A novel molecularly imprinted quartz crystal microbalance sensor for fenamiphos determination based on boron-sulphur co-doped ultra-thin graphitic carbon nitride-incorporated Cu-MOFs


Akıcı Ş. Y., Düzel A., Alptekin Ü. M., Bekerecioğlu S., Polat İ., Atar N., ...Daha Fazla

Analytical Methods, 2026 (SCI-Expanded, Scopus) identifier identifier identifier identifier

  • Yayın Türü: Makale / Tam Makale
  • Basım Tarihi: 2026
  • Doi Numarası: 10.1039/d5ay02149a
  • Dergi Adı: Analytical Methods
  • Derginin Tarandığı İndeksler: Science Citation Index Expanded (SCI-EXPANDED), Scopus, Compendex, MEDLINE
  • Ankara Üniversitesi Adresli: Evet

Özet

Fenamiphos (FEN), an organophosphorus insecticide, has been frequently used in recent years to control many nematode pests. Nonetheless, its serious adverse effects have currently raised concerns about human health and the ecological environmental safety. In the present study, a novel flow injection-type portable quartz crystal microbalance (QCM) sensor based on a boron and sulphur co-doped ultra-thin graphitic carbon nitride (g-C3N4)-incorporated Cu-MOF (BS-g-C3N4-CuMOF) nanocomposite was developed and used for FEN determination in apple juice samples. For this, the BS-g-C3N4-CuMOF nanocomposite was prepared via an in situ solvothermal procedure with high synthesis yields. Then, a molecularly imprinted QCM sensor based on the BS-g-C3N4-CuMOF nanocomposite was prepared using methacryloylamidoglutamic acid (MAGA) as a monomer and N,N′-azobisisobutyronitrile (AIBN) as an initiator via UV polymerization. This QCM sensor revealed a linearity of 1.0 × 10−9–2.0 × 10−8 mol L−1 with a limit of detection (LOD) of 3.3 × 10−10 mol L−1 for the FEN molecule, suggesting the successful development of the sensitive molecularly imprinted QCM sensor. The prepared sensitive molecularly imprinted QCM sensor was applied to an apple juice sample with high recovery. Moreover, the high selectivity of the molecularly imprinted QCM sensor was confirmed in the presence of competing agents in the apple juice sample, and the prepared QCM sensor was shown to detect FEN at least 5 times more selectively than the other competing agents.
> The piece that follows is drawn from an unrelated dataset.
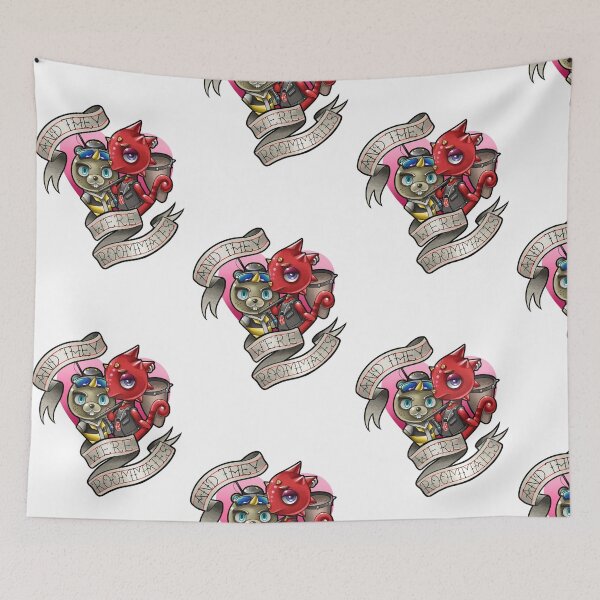 Item preview, CJ & Flick x vine designed and sold by Clara Cosh-Escott.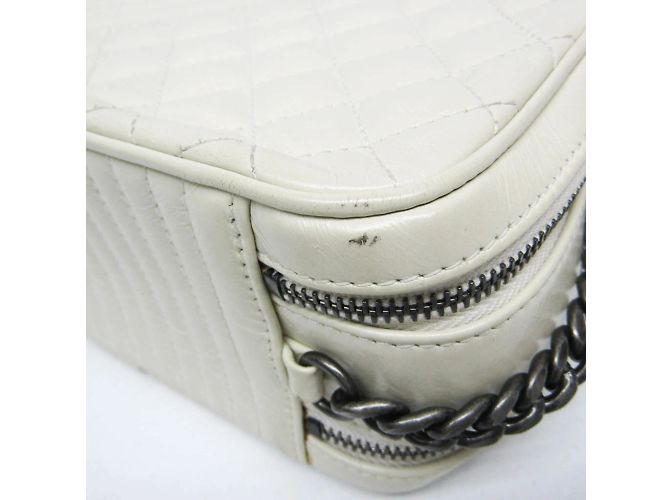 Bolso de cámara Boy Chanel A92656 Crudo - vista 4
In addition, the proposed sensor was validated in correlation with standard high-end measurements like GC-MS, and there was no significant difference between the results of the proposed sensor and GC-MS method. The low relative standard deviation (RSD) value of 20 independent QCM signals also suggested the high reproducibility of the QCM sensor. Finally, its high repeatability and reusability are presented herein in detail.